Web page caption snippets =>
- - - -
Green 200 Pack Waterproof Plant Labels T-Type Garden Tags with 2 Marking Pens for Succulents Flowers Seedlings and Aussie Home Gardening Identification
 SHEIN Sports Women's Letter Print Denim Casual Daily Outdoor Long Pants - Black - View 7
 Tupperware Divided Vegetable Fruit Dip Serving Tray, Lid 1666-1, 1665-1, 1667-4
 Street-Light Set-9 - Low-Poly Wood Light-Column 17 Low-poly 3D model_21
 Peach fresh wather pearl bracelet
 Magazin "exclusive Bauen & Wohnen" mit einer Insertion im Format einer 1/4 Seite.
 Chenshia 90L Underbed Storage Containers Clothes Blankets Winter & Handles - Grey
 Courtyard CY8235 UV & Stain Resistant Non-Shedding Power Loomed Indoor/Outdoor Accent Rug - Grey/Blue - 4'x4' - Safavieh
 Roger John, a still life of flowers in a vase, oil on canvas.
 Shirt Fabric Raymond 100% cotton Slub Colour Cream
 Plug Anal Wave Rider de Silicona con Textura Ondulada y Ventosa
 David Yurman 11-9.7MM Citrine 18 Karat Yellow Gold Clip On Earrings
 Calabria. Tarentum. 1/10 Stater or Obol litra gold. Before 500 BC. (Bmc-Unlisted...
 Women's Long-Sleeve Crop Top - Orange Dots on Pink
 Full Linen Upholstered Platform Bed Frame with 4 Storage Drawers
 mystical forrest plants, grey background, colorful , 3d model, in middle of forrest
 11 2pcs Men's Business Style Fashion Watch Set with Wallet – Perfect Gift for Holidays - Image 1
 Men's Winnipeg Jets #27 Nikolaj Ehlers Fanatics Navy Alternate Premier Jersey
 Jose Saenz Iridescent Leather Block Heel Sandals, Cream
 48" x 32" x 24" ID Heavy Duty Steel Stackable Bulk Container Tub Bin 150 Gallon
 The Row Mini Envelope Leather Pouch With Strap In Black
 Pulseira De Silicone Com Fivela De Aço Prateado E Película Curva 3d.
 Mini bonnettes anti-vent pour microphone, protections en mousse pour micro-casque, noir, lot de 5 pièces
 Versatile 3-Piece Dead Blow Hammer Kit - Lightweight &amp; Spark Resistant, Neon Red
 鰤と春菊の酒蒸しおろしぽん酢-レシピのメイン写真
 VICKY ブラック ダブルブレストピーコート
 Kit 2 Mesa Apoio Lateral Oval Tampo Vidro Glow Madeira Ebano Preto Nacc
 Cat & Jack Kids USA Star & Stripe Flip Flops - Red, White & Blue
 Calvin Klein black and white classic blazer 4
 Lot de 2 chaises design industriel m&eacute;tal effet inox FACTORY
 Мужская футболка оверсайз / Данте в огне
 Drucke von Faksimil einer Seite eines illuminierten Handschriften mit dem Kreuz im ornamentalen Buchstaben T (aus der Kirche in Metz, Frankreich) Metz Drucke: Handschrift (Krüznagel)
- - - -
WHAT YOU NEED TO DO =>
When you answer, output each line of the data exactly as given, from its first line up to and including the one with "SHEIN Sports Women's".

SOLUTION =>
Green 200 Pack Waterproof Plant Labels T-Type Garden Tags with 2 Marking Pens for Succulents Flowers Seedlings and Aussie Home Gardening Identification
 SHEIN Sports Women's Letter Print Denim Casual Daily Outdoor Long Pants - Black - View 7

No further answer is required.